Alibaba share price: analysts see 91% upside as sell-off intensifies
As Chinese tech stocks face pronounced selling pressure, analysts continue to view Alibaba favourably.
Despite the Alibaba (NYSE: BABA) share price collapsing 30% in the last 6-months, the sell-side continues to see upside potential from the tech behemoth.
According to Market Beat, the consensus price target for Alibaba last stood at $301.78 per share, a level which implies upside potential of 91.17% from where the stock last traded at.
Alibaba share price
Alibaba closed out Wednesday's US session at US$157.86 per share, giving the conglomerate an market capitalisation of US$429.09 billion. At those price levels, the stock trades on an 18.93x earnings multiple, a significant pullback from where it stood just a year ago and well behind the comps of many of its US big-tech counterparts.
With a mind to curb monopolistic power, the Chinese government has come down hard on some of its country’s most important sectors, from education to technology. Aliababa, ByteDance, Didi, and Tencent have faced the brunt of this scrutiny, with their share prices facing equally fervent declines in response.
Such concerns seem broader than regulatory intervention though, with Tencent and Alibaba both recently reporting that they have made ‘social aid donations’ running into the billions. Such donation, as the narrative goes, is aimed at tacking wealth inequality in the country.
IG Market Analyst Kyle Rodda recently elaborated on that point, noting that:
‘Every major company is in the cross hairs at the moment from Chinese authorities, as the CCP pushes its “common prosperity” drive. Tech and finance are definite targets, and you throw in the mix the out of favour Jack Ma, and perhaps it was inevitable that Alibaba and Alipay would come under some sort of scrutiny.’
As Mr Rodda further notes:
‘Monopolies are bad for consumers and the interests of broader society. China is looking to rebalance the power and wealth away from “capitalists”, and arguably nip in the bud the state of affairs that have emerged in Western market economies, and restructure massive and sometimes too big to fail corporations, who’ve too much in the eyes of the CCP served the interests of shareholders, but perhaps not society at large.’

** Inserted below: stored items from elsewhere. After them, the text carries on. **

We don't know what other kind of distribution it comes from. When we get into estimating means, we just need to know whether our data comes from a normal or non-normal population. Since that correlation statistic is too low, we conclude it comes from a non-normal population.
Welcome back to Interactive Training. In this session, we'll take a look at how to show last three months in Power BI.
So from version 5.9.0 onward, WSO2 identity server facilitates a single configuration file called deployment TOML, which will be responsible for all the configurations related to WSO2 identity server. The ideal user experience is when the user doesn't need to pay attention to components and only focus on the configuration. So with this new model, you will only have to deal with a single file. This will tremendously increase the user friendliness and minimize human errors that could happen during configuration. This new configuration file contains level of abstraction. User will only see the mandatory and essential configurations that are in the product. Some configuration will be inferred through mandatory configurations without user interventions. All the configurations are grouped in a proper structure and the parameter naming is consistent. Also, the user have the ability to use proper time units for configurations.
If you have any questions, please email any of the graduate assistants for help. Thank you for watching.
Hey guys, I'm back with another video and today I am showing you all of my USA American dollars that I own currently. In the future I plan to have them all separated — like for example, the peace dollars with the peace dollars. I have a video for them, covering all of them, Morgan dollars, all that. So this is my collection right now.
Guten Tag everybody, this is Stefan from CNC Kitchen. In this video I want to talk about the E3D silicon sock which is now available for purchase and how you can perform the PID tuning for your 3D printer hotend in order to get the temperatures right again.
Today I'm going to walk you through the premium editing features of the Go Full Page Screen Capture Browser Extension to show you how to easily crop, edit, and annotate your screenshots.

These issues haven’t dissuaded the sell-side, mind you. Alibaba’s consensus rating of Buy is made up of 1 Strong Buy rating, 24 Buy ratings, 2 Hold ratings and 2 Sell ratings. That’s little changed from how analaysts viewed the stock just a year ago. (In fact, the consensus price target is higher now than it was then.)

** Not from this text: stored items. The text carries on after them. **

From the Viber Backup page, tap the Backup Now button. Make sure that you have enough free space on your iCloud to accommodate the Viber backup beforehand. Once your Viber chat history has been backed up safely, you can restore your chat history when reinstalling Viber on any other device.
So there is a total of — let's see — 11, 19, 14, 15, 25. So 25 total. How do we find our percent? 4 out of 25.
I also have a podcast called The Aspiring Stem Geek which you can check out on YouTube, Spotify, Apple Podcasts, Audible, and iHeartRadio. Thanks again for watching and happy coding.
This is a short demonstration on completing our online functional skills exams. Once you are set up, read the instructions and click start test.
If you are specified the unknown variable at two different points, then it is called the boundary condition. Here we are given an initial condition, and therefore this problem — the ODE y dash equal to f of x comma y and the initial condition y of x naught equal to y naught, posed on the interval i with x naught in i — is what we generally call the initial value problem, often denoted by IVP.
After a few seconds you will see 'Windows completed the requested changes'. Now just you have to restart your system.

While that view remains stable, everything else about Alibaba – and perhaps Chinese equities more broadly – appears in a state of flux. The contrast between the sharp price declines and the unpredictable regulatory environment also creates a number of important questions that investors and traders must grapple with.
Is this simply a case of the sell-side not ‘catching up’ to the current events; which are inherently difficult to, or potentially impossible to model for?
Or, according to the analyst consensus, is Alibaba actually ‘cheap’ at current price levels, based off historical growth levels and when looking at US big-tech comps?